В отчаянии от ее неприязни он несколько раз порывался поговорить с Саней, попросить его, единственного человека, чье мнение имело для Веры значение, объяснить девушке, что Вадим для ее с Саней счастья угрозы не представляет. Скорее всего, считал Вадим, нелюбовь к нему Веры происходила оттого, что Саня проводил с ним много времени, которое Вера считала по праву принадлежащим только ей одной, и ни с кем этим временем делиться не собиралась.
Он долго и мучительно готовился к разговору и однажды решился:
— Сань, не знаю, как тебе сказать… Да отложи ты книгу, мне с тобой надо серьезно поговорить.
Саня тотчас закрыл книгу и усадил его напротив себя.
— Говори, — сказал он.
— Ты понимаешь… Вера… короче, — она меня не любит. Прямо до дрожи. Не знаю почему. Так мне от этого плохо, что и выразить не могу. Ты бы поговорил с ней. Только не ругай, а то еще хуже будет. Растолкуй ей как-нибудь, что она не права.
У Сани между бровями залегла морщинка:
— Думаешь, я что-нибудь понимаю? Сам хотел с тобой посоветоваться. Что-то ее беспокоит, я чувствую. Она всегда была изменчива, а сейчас и вовсе, как метеор. Вдруг сорвется и налетит на меня с поцелуями и все твердит, что любит больше жизни, будто кто-то это оспаривает.

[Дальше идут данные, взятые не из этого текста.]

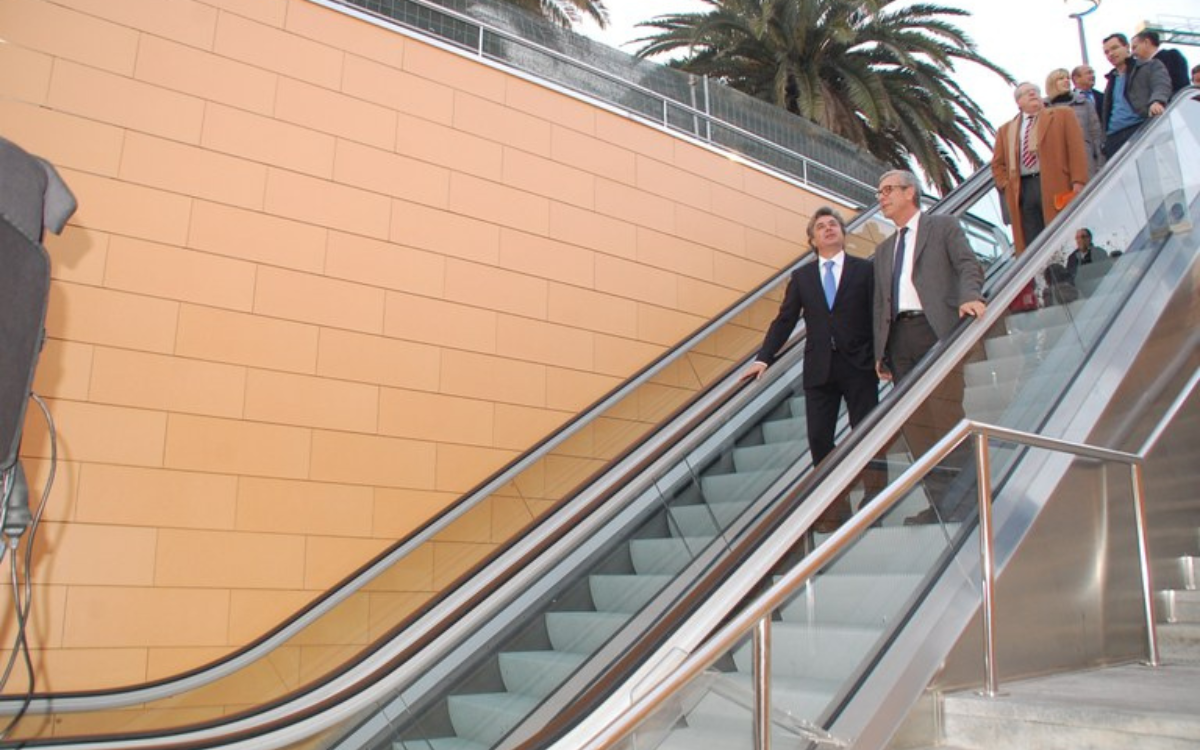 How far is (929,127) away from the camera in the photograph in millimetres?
10945

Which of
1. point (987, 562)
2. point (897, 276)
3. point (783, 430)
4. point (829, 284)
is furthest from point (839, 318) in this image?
point (987, 562)

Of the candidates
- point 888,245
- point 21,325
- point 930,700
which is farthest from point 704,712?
point 888,245

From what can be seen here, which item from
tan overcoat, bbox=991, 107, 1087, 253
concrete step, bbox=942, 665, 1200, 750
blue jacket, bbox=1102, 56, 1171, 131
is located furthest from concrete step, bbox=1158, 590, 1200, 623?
blue jacket, bbox=1102, 56, 1171, 131

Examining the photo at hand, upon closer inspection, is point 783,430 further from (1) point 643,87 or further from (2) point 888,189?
(1) point 643,87

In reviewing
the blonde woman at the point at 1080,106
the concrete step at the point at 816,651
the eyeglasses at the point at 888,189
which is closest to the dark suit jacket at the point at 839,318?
the eyeglasses at the point at 888,189

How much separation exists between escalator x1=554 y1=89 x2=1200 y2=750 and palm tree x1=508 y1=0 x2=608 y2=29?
6693 millimetres

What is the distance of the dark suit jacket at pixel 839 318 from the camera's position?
3992mm

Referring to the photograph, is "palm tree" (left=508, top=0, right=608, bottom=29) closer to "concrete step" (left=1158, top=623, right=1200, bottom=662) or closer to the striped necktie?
the striped necktie

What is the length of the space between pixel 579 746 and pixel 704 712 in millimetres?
322

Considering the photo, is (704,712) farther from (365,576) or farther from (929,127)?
(929,127)

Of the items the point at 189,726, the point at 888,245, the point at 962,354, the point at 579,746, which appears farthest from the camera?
the point at 888,245

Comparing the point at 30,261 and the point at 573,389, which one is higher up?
the point at 573,389

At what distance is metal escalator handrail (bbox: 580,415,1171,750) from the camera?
1807mm

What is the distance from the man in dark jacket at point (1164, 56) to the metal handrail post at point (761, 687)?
593cm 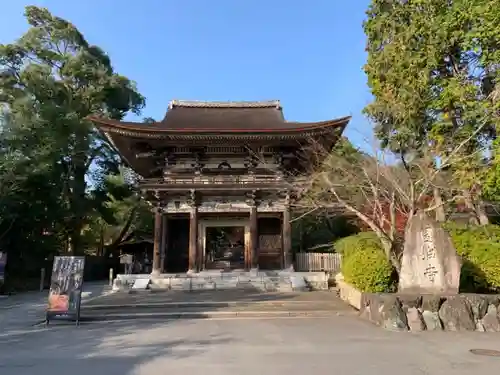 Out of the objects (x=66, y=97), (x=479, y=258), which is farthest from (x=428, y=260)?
(x=66, y=97)

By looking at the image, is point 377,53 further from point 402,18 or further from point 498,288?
point 498,288

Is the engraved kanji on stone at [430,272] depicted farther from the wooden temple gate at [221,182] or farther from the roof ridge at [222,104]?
the roof ridge at [222,104]

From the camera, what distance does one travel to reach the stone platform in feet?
49.6

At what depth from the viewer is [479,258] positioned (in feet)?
32.7

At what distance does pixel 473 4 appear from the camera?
10617 mm

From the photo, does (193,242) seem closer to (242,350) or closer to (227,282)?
(227,282)

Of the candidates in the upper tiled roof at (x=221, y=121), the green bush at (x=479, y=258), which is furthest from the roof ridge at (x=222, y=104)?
the green bush at (x=479, y=258)

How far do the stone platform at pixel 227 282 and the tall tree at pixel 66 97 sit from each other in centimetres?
1031

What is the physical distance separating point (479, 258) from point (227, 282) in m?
9.02

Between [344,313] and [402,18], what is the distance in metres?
10.1

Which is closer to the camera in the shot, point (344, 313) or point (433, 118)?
point (344, 313)

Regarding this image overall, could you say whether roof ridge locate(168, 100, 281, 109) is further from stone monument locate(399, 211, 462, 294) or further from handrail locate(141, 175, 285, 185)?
stone monument locate(399, 211, 462, 294)

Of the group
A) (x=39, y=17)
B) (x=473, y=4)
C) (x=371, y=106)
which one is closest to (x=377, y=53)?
(x=371, y=106)

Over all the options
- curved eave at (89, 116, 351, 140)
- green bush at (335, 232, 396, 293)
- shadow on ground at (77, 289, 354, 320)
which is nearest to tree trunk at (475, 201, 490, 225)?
green bush at (335, 232, 396, 293) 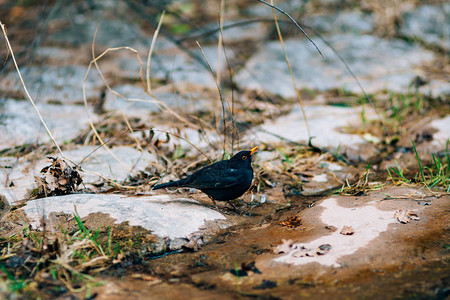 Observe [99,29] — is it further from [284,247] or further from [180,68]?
[284,247]

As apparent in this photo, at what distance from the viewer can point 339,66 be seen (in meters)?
6.87

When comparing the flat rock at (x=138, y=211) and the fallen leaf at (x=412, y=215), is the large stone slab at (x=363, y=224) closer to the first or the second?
the fallen leaf at (x=412, y=215)

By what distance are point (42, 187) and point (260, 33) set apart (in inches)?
232

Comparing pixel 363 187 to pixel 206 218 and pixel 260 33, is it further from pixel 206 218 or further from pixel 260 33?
pixel 260 33

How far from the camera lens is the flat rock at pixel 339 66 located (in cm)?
620

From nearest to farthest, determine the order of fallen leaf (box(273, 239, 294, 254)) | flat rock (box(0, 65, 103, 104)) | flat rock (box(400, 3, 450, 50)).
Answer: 1. fallen leaf (box(273, 239, 294, 254))
2. flat rock (box(0, 65, 103, 104))
3. flat rock (box(400, 3, 450, 50))

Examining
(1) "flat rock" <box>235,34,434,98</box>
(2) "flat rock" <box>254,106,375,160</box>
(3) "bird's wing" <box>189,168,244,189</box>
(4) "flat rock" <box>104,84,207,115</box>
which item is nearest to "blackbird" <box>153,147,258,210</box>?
(3) "bird's wing" <box>189,168,244,189</box>

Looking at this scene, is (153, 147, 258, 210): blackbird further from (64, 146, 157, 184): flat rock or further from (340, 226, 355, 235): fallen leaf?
(340, 226, 355, 235): fallen leaf

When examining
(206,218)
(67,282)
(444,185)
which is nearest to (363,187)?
(444,185)

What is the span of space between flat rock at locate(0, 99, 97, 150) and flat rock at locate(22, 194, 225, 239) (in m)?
1.53

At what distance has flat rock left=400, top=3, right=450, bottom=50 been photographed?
748cm

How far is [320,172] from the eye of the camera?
13.3 ft

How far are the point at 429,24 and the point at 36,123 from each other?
6920mm

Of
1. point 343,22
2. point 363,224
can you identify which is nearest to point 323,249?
point 363,224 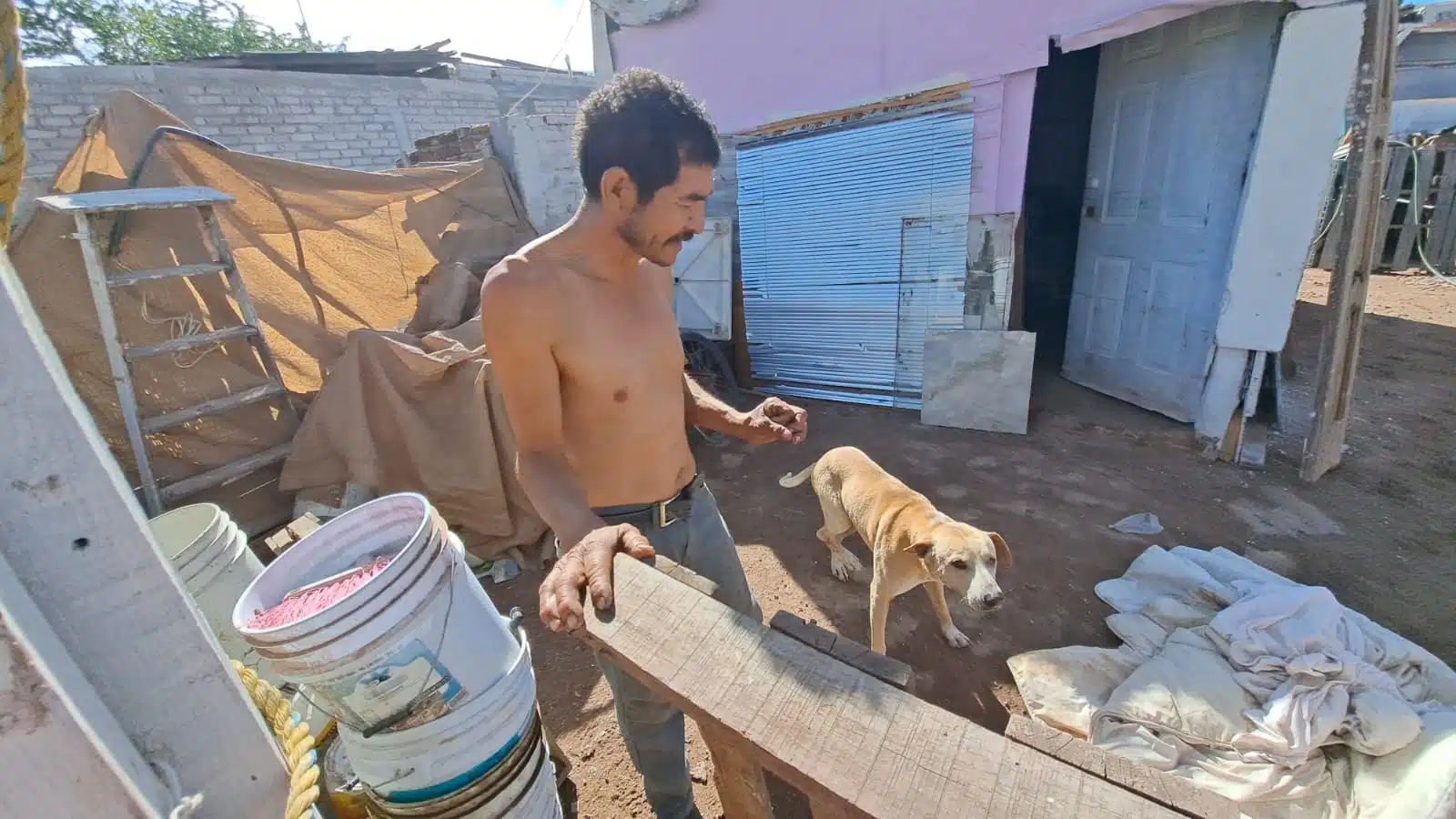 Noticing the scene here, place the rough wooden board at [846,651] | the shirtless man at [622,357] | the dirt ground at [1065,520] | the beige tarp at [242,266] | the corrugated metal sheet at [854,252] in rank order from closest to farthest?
the rough wooden board at [846,651]
the shirtless man at [622,357]
the dirt ground at [1065,520]
the beige tarp at [242,266]
the corrugated metal sheet at [854,252]

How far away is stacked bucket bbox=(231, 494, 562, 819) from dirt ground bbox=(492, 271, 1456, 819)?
135 cm

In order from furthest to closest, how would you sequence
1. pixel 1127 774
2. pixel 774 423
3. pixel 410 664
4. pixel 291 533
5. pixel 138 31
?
pixel 138 31, pixel 291 533, pixel 774 423, pixel 410 664, pixel 1127 774

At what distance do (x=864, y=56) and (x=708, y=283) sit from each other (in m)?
2.44

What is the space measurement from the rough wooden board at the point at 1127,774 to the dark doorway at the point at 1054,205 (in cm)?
687

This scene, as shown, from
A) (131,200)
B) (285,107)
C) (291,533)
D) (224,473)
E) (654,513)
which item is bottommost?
(291,533)

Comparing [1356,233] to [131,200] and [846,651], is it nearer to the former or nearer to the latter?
[846,651]

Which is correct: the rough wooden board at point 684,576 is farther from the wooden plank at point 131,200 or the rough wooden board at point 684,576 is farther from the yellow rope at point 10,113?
the wooden plank at point 131,200

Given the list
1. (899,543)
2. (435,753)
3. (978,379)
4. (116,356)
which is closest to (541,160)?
(116,356)

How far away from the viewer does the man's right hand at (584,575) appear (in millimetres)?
1129

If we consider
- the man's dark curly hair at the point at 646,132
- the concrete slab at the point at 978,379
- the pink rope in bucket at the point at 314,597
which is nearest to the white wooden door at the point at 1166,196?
the concrete slab at the point at 978,379

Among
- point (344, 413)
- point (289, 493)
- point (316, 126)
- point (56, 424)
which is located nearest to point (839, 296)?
point (344, 413)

А то плакать начинает без всякой причины. Не знаю, что и делать.
— Пожениться вам надо. Возможно, она неуверенность чувствует, страх, что может тебя потерять, ведь столько девушек вокруг. А после свадьбы успокоится. Может, и ко мне тогда подобреет.
— Сдадим зимнюю сессию и поженимся. Уже решили. Наверно, все так и есть, как ты говоришь. Она сначала хотела повременить со свадьбой, а сейчас вдруг сама заторопилась. Признаться, меня эти встречи тайком и урывками тоже давно не устраивают.
— Тогда не говори ей пока ничего обо мне. Месяц переждать можно. Надеюсь, что все образуется.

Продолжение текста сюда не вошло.